As for bugs, we've been doing a better job this cycle at identifying
important bugs and focusing resources on them.  Akhil Laddha, our
resident bug master, has begun collecting critical issues for us to
review in our weekly IRC meetings.

Stepping back for a moment from our current bug list, there are still
some very deeply rooted architectural issues in Evolution that need to
be dealt with for the project to remain relevant as we enter into the
GNOME 3 era.

Bonobo was one of them.  I've already written at length about why its
removal was necessary [1], but in a nutshell: it's not a feature, it's
not about eye-candy, and it's not even directly for the user's
benefit.
It's for ours.  It replaced an old and crumbling foundation with a new
and stronger one.  It also happened to fix over 60 bugs, but that was
mostly a side-effect.

The next deeply rooted issue to address, in my view, is our overuse of
threads.  Threads are a poor mechanism for concurrent I/O.  They're
wildly non-deterministic and are constantly working against you to
cause
data corruption and deadlocks.  As a developer your job is to use
locks
and synchronization variables to try and tame the things enough that
they don't tear your program apart.  But you have to be very careful
with them, and even then things still gets very complex very quickly.

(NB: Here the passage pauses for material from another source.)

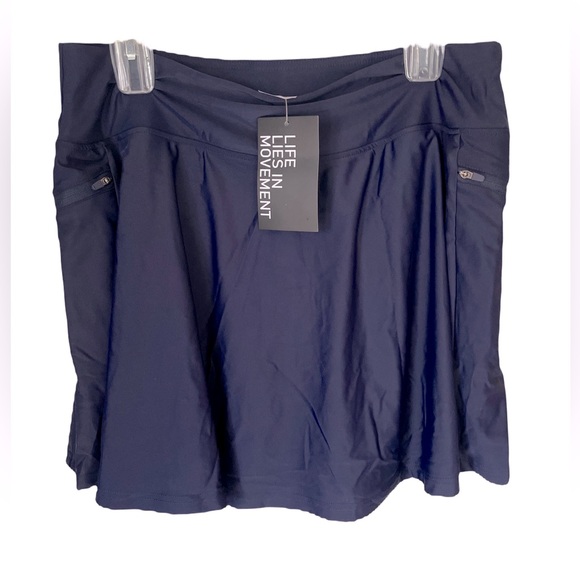 High Waisted Swim Skirt - Picture 2 of 9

Evolution -loves- threads.  We use them everywhere.  And honestly, I
think a lot of the networking, deadlock and overall stability issues
both now and over the years can be traced back to this.  We need to
ditch the threads.

For those familiar with GNOME's development platform, GNOME finally
has
a decent library for disk and networking I/O in GIO [2].  GIO promotes
asynchronous I/O via an application's main loop (the same main loop
that
drives the graphical interface and device input) over thread-based
I/O.

Evolution needs to embrace this approach from top to bottom, but that
will mean redesigning a lot of our core libraries.  And that, like the
Bonobo removal, is going to be another major project.  But I'm
convinced
it will put us in a much stronger position going forward, and will
probably solve a lot of the deadlock and data corruption issues being
reported.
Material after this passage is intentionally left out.